Toujours à Venise.--Une pièce dans la maison de Shylock.

Entrent JESSICA ET LANCELOT.


JESSICA.--Je suis fâchée que tu quittes ainsi mon père. Notre maison est l'enfer, et toi, un démon jovial qui dissipais un peu cette atmosphère d'ennui. Mais porte-toi bien, voilà un ducat pour toi; et, Lancelot, tu verras bientôt au souper Lorenzo, qui est invité chez ton nouveau maître. Donne-lui cette lettre: fais-le secrètement; adieu. Je ne voudrais pas que mon père me trouvât causant avec toi.

LANCELOT.--Adieu; mes larmes te parlent pour moi.--Très-charmante païenne! Très-aimable Juive! Si un chrétien ne fait pas quelque tour de fripon pour te posséder, je serais bien trompé; mais, adieu: ces sottes larmes noient un peu mon courage viril. Adieu.

(Il sort.)

JESSICA.--Adieu, bon Lancelot.--Hélas! quel odieux péché! n'est-ce pas à moi de rougir d'être la fille de mon père! Mais quoique je sois sa fille par le sang, je ne le suis point par le caractère. O Lorenzo! si tu tiens ta promesse, je mettrai fin à ces combats, je deviendrai chrétienne, et ta tendre épouse.

(Elle sort.)


SCÈNE IV

Toujours à Venise.--Une rue.

Entrent GRATIANO, LORENZO, SALARINO, SALANIO.


LORENZO.--Oui, nous nous échapperons pendant le souper: nous irons prendre nos déguisements chez moi, nous reviendrons tous en moins d'une heure.

GRATIANO.--Nous n'avons pas fait les préparatifs nécessaires.

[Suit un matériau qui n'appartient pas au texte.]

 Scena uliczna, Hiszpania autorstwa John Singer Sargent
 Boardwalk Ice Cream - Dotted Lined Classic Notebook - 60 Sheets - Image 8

SALARINO.--Nous n'avons pas encore parlé de nous procurer des porte-flambeaux.

SALANIO.--C'est une pauvre chose, quand cela n'est pas arrangé dans un bel ordre; et à mon avis il vaudrait mieux, en ce cas, n'y pas songer.

LORENZO.--Il n'est encore que quatre heures: nous avons deux heures pour nous procurer tout ce qu'il faut. (Entre Lancelot avec une lettre.) Ami Lancelot, qu'y a-t-il de nouveau?

LANCELOT.--S'il vous plaît d'ouvrir cette lettre, elle pourra probablement vous l'apprendre.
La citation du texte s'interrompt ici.